** Opening Exercise data block **

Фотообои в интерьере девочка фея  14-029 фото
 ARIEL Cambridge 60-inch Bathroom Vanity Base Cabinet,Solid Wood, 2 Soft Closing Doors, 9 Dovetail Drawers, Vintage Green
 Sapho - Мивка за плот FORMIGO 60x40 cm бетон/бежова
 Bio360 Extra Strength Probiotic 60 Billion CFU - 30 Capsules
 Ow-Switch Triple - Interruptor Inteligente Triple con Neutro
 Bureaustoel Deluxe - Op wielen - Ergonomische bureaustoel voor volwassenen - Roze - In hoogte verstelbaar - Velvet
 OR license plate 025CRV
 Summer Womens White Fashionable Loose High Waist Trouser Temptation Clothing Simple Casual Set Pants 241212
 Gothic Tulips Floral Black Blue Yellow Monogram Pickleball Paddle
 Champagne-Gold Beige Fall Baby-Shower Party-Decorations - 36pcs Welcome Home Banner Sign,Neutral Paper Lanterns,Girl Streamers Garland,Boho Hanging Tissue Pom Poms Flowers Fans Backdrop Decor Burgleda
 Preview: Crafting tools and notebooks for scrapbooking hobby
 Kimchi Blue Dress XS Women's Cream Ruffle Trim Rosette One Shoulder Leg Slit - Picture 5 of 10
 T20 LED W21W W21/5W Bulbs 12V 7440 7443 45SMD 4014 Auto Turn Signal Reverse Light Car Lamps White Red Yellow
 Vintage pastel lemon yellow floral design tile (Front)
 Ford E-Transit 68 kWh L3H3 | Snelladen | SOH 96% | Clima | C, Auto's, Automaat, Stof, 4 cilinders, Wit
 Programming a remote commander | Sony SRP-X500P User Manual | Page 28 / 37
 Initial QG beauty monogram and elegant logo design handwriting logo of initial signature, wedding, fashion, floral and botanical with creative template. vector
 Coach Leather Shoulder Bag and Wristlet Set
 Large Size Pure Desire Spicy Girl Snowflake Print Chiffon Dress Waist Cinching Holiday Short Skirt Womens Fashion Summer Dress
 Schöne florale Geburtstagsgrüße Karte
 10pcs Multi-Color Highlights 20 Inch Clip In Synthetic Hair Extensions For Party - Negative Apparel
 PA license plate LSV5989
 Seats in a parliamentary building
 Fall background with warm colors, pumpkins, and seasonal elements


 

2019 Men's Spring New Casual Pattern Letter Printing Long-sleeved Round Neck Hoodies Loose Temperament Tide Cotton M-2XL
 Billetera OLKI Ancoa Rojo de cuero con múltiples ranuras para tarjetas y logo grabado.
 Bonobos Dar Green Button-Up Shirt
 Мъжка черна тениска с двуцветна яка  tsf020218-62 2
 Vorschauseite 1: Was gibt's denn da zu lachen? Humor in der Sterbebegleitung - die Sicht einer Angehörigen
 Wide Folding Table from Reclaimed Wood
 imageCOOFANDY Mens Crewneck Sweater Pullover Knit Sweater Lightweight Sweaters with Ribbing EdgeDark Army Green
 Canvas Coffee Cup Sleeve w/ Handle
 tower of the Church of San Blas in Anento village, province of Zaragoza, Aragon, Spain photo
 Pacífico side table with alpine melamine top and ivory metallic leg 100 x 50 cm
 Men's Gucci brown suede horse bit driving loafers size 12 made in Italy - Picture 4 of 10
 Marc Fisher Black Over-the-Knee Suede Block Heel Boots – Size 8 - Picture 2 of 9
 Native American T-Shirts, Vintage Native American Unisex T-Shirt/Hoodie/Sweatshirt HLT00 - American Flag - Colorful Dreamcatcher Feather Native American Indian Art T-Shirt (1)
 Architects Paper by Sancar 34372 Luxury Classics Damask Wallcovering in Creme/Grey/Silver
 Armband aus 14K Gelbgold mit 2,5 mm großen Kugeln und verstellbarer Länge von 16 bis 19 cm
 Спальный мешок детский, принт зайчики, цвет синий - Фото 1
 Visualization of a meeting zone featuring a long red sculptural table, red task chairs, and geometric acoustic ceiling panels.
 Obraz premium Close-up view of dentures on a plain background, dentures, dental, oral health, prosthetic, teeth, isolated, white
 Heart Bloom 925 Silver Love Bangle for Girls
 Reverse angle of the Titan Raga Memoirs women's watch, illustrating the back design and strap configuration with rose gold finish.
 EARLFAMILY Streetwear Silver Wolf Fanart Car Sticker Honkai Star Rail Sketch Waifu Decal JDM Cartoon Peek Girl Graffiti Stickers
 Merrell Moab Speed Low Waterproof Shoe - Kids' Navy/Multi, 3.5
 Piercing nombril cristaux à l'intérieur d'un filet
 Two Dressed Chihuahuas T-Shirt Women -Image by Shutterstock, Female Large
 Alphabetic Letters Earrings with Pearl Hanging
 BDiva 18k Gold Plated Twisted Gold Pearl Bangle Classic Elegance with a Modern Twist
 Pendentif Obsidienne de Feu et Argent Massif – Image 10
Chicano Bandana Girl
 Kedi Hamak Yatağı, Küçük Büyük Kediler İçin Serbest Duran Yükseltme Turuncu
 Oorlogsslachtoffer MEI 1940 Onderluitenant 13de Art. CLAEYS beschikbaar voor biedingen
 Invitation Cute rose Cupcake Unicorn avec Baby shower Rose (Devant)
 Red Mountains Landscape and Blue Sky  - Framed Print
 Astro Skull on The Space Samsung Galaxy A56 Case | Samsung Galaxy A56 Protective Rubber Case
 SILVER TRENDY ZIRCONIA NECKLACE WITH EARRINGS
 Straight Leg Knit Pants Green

** Closing Exercise data block **

» **Exercise directions**: Every line of the material above that has the string "Loose" needs pulling out.

» **Expected output**:
 Summer Womens White Fashionable Loose High Waist Trouser Temptation Clothing Simple Casual Set Pants 241212
2019 Men's Spring New Casual Pattern Letter Printing Long-sleeved Round Neck Hoodies Loose Temperament Tide Cotton M-2XL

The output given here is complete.